What you have to do:
Give back each entry exactly as written, apart from the pictures.

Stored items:
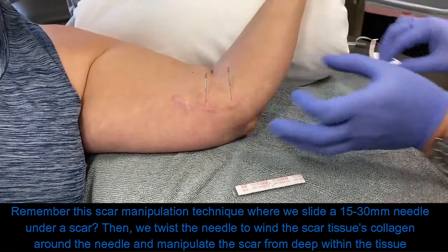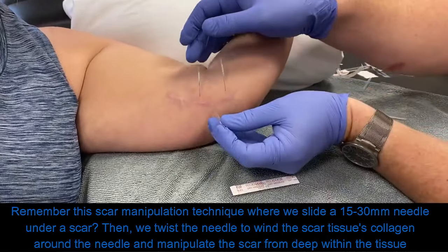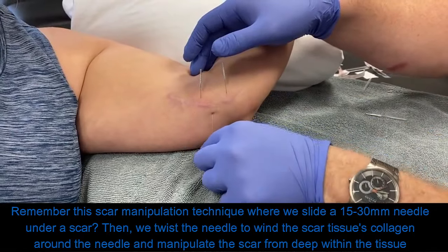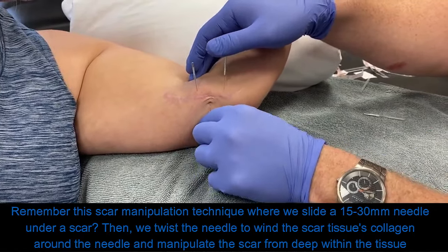So we insert our needle about a half a centimeter away from the scar, using a pretty superficial technique. We're going to take that 30 millimeter myotech needle and just kind of slide it directly behind the back side of the scar, varying positions along the scar.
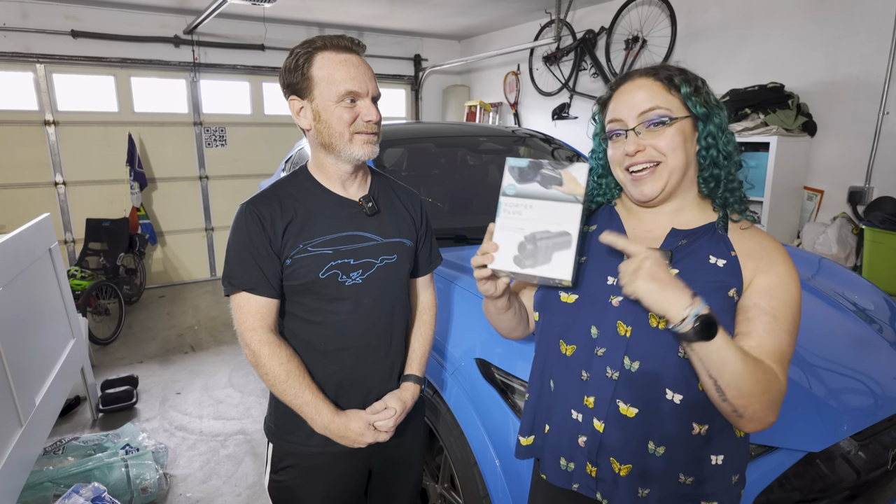Hi, I'm Patrick. And I'm Liv. And this is the Mach-E vlog. And this is the Electron Vortex, their DCFC NACs adapter, and we're going to check it out right now.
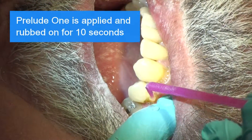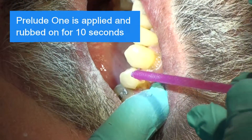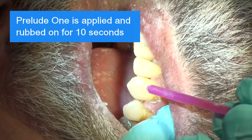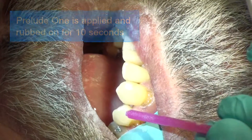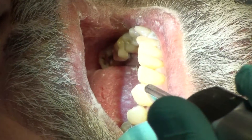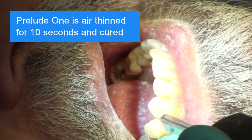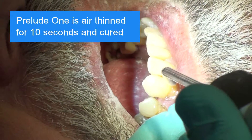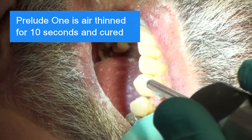Prelude 1 Universal Adhesive is applied and rubbed in thoroughly for at least 10 seconds. Prelude 1 is air thinned and its ethanol carrier is evaporated with 10 seconds of air and cured.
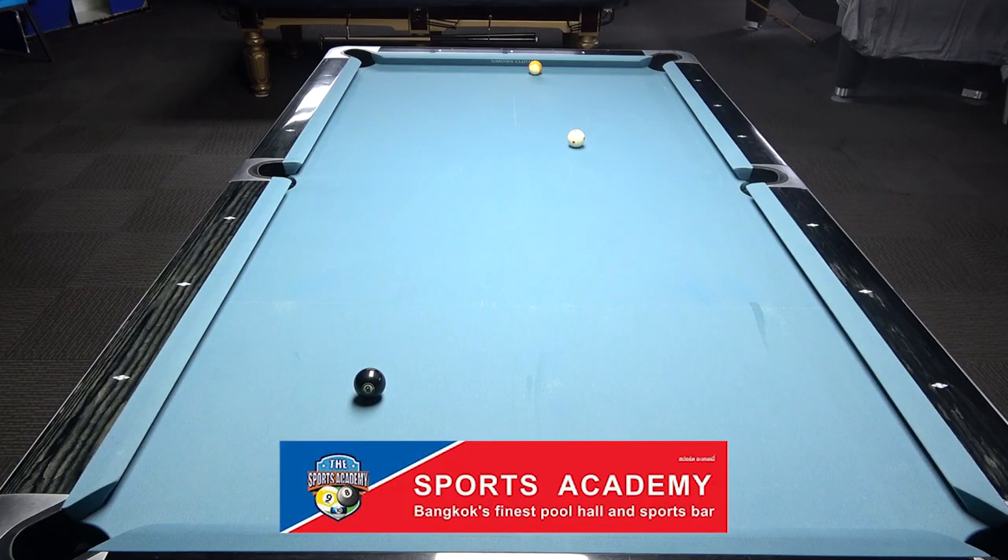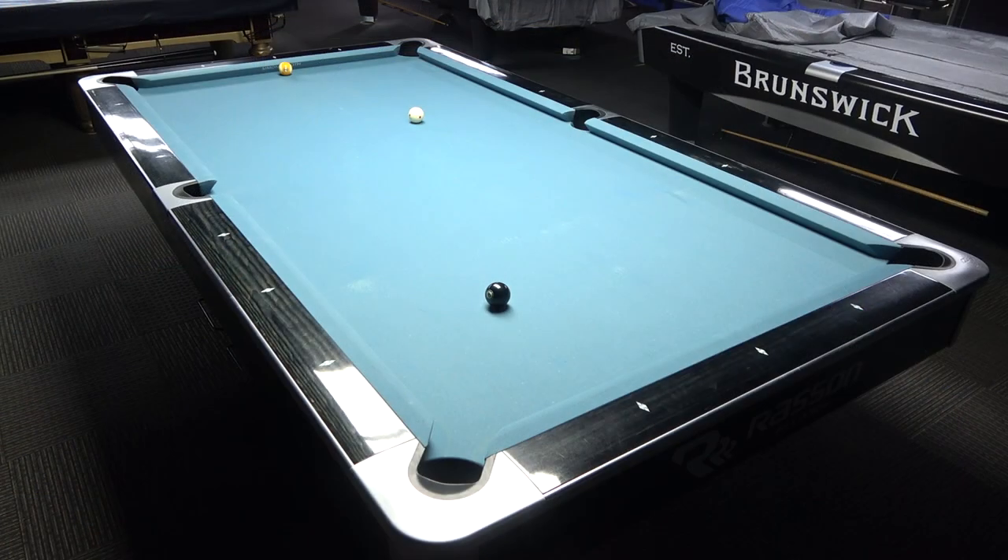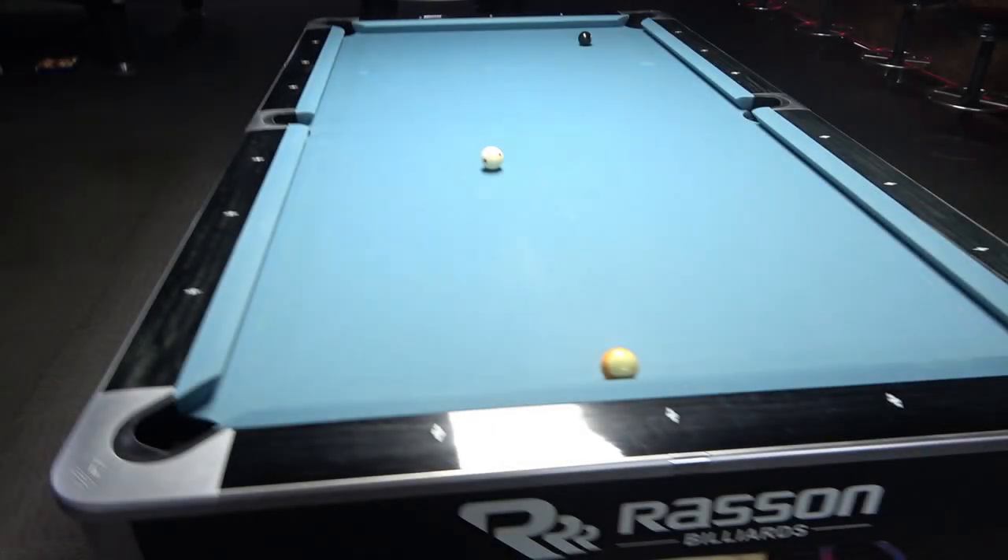Hello, welcome to Shot of the Week from Sports Academy. Here you see a position playing nine ball. You're on the eight, so to get on the eight to the nine is not a difficult part.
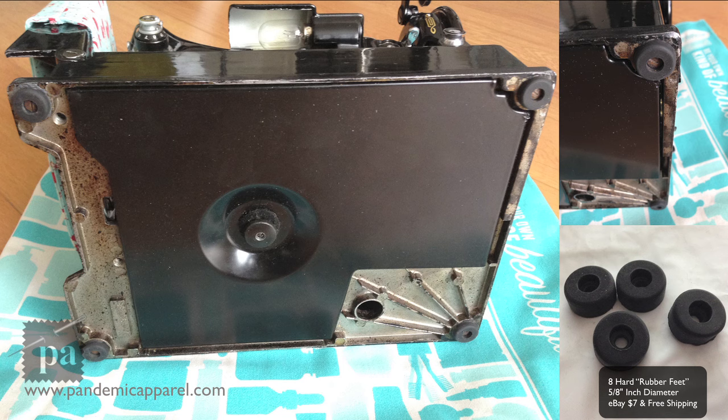Here is the final product. These little feet I found on eBay and they were less than a dollar each. Some places I've seen them up to $10 for four of them, or $4 for each foot — I think that's absurd. I found mine on eBay and for eight of them I paid like $6 and change with free shipping, so that's not a bad deal at all.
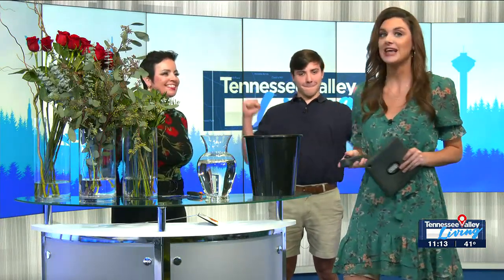Gentlemen, lock in right now. Our next guest is showing us how you can go above and beyond and put together the perfect bouquet for your special someone this Valentine's Day. Jessa from the Flower Shop in Providence is joining us in studio. Jessa, thank you so much for being here. Thank you for having me. We are so very excited. Charles Montgomery is here also because we figured a guy would be the best to do this segment.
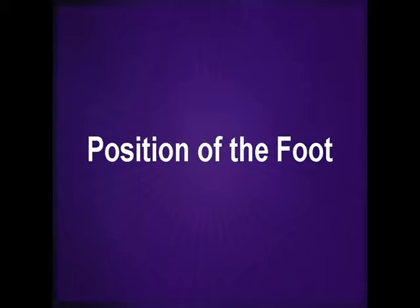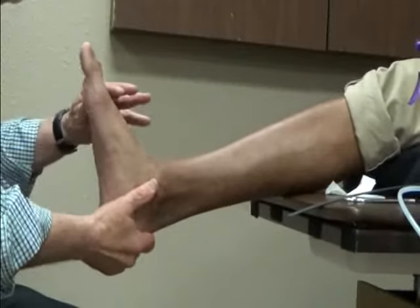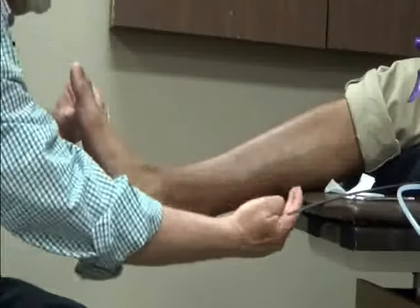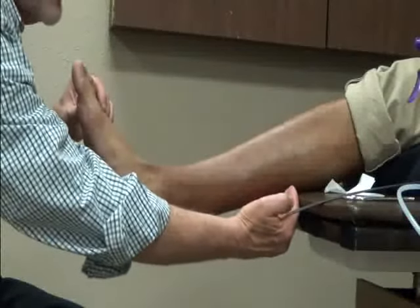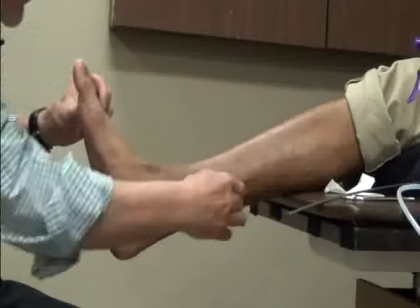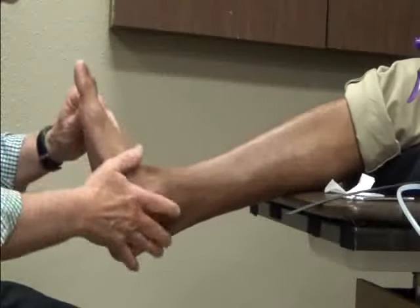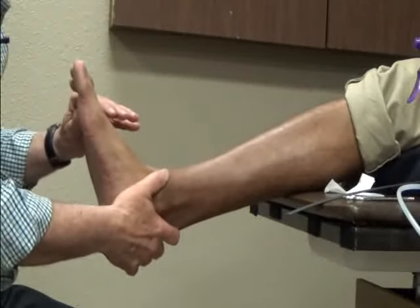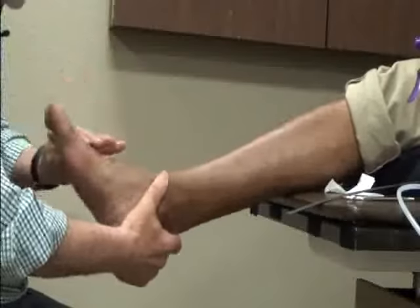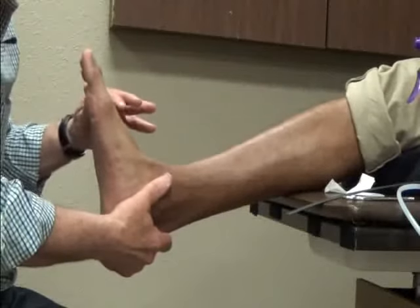It is essential that before you apply the casting material, you first evaluate the foot and position the foot as if you were casting. It is important that the knee is slightly bent. A small pillow underneath the knee assists in this effort. The foot should be hanging over the table by at least 18 inches. You should attempt to put the foot in its neutral subtalar joint position with the mid-tarsal joint locked. The ankle should be placed at 90 degrees, and be sure to notice that the hallux has not gone into a plantar flexory position.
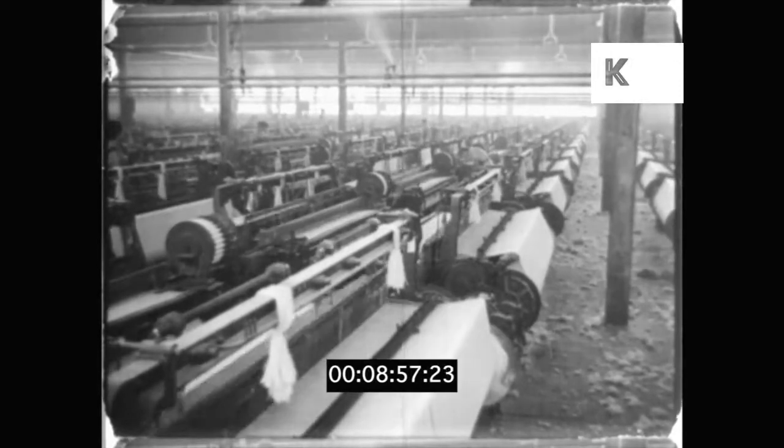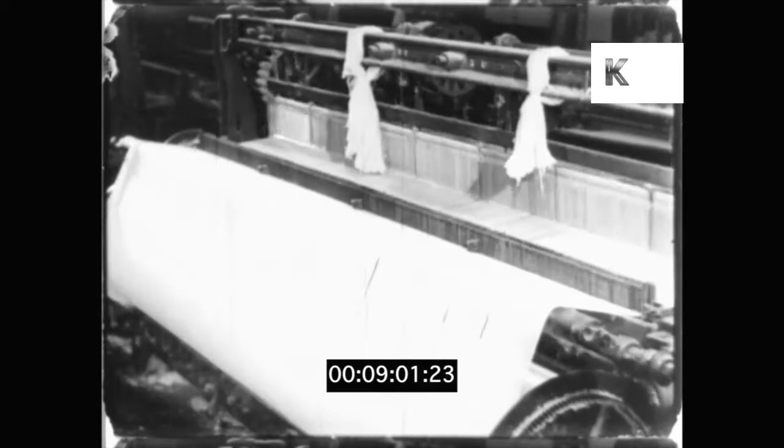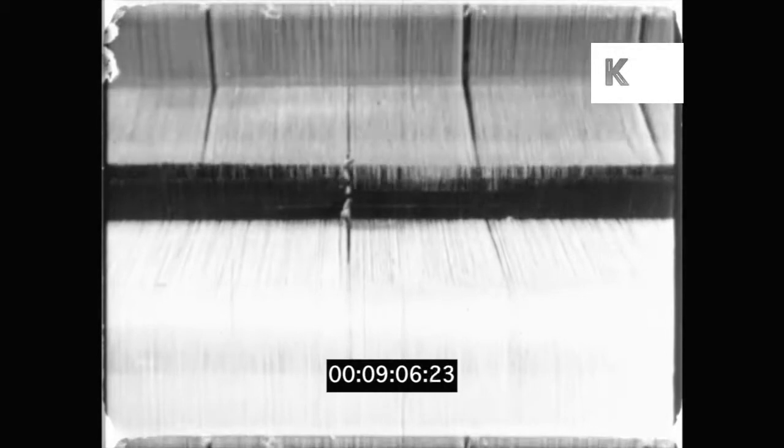This is the big room where they weave the cloth on these looms. Watch very closely to see how it is done.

Solution for this problem:
So we insert our needle about a half a centimeter away from the scar, using a pretty superficial technique. We're going to take that 30 millimeter myotech needle and just kind of slide it directly behind the back side of the scar, varying positions along the scar.
Hi, I'm Patrick. And I'm Liv. And this is the Mach-E vlog. And this is the Electron Vortex, their DCFC NACs adapter, and we're going to check it out right now.
Prelude 1 Universal Adhesive is applied and rubbed in thoroughly for at least 10 seconds. Prelude 1 is air thinned and its ethanol carrier is evaporated with 10 seconds of air and cured.
Hello, welcome to Shot of the Week from Sports Academy. Here you see a position playing nine ball. You're on the eight, so to get on the eight to the nine is not a difficult part.
Here is the final product. These little feet I found on eBay and they were less than a dollar each. Some places I've seen them up to $10 for four of them, or $4 for each foot — I think that's absurd. I found mine on eBay and for eight of them I paid like $6 and change with free shipping, so that's not a bad deal at all.
Gentlemen, lock in right now. Our next guest is showing us how you can go above and beyond and put together the perfect bouquet for your special someone this Valentine's Day. Jessa from the Flower Shop in Providence is joining us in studio. Jessa, thank you so much for being here. Thank you for having me. We are so very excited. Charles Montgomery is here also because we figured a guy would be the best to do this segment.
It is essential that before you apply the casting material, you first evaluate the foot and position the foot as if you were casting. It is important that the knee is slightly bent. A small pillow underneath the knee assists in this effort. The foot should be hanging over the table by at least 18 inches. You should attempt to put the foot in its neutral subtalar joint position with the mid-tarsal joint locked. The ankle should be placed at 90 degrees, and be sure to notice that the hallux has not gone into a plantar flexory position.
This is the big room where they weave the cloth on these looms. Watch very closely to see how it is done.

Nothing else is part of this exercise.